Notice that the existing keyword "then" is being used to introduce the sorting and grouping functionality that we require: this happens to be a bit different from the syntax in the paper, so be careful you don't get caught out by this.

What isn't obvious from the presentation above is just how general these comprehensive comprehensions are! Unlike SQL you can sort or group at any point in the query without making use of subqueries. Unlike SQL you can use any aggregation function, not just one it has defined like COUNT or SUM. Most significantly, unlike SQL you can actually use alternative grouping and sorting functions! So, you could choose a grouping function that actually looked for runs in the thing you are grouping by, or a "sorting" function that just returns the first 5 elements of the list: if you look at the example above we used just this feature to implement the LIMIT clause of SQL.

These new pieces of syntax are pretty nice, and speaking from personal experience it's quite hard to do heavy duty list manipulation without them once you've grown used to having them available. In particular, I found them to have a killer application in the code I used for benchmarking the syntax extension, for slicing and dicing lists of the runtime and heap usage of various program runs.

If you want the full story on how to use the syntax, you can check out the documentation.
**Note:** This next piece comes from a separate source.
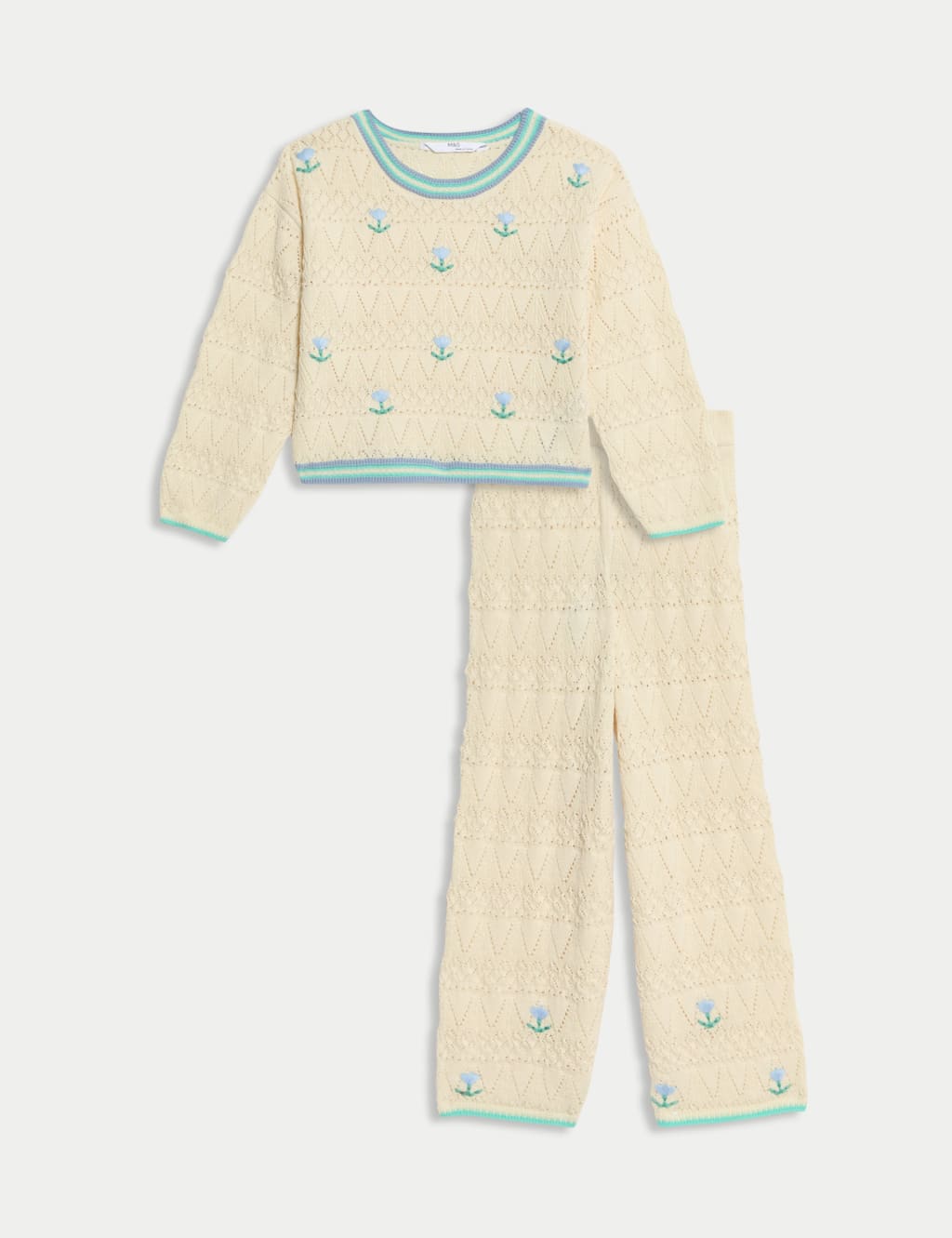 2pc Pure Cotton Knitted Top & Bottom Outfit (2-8 Yrs)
Go forth and conquer with your new, readable, list-munging powers! I'll leave you with a picture of the guys you have it all to thank for, those giants of functional programming Simon Peyton Jones and Philip Wadler:

4 Responses to “Bitesize Functional Programming: Comprehensive Comprehensions”

• Mark Carmichael Says:

A nit: in the version of the diagram (250px-pythagorean.png) I'm seeing now,
the 'b' label is on the shortest segment of the triangle. Perhaps it should
be swapped with 'a' for clarity?

• Max Says:

There are some comments on this post being made on Reddit. For posterity, you can find these here.

• Mike K Says:

Seems very powerful indeed. Could you elaborate a little of how this goes along with laziness? I'm especially intrigued how one can perform a lazy grouped query, where data "flowing in" is not ordered by groups.

• Max Says:

Well, the first stage of the default grouping operation is to sort the incoming data by the group key. This means that at least that component of the list will be forced at that point, so some laziness is discarded.

Of course, this means that in particular you cannot group infinite comprehensions! I think this is reasonable however . It is not really clear what the semantics would be.

On the other hand, if you know the data flowing in IS sorted you can group by a "runs" function and it will work exactly as you expect. This will of course work with infinite lists.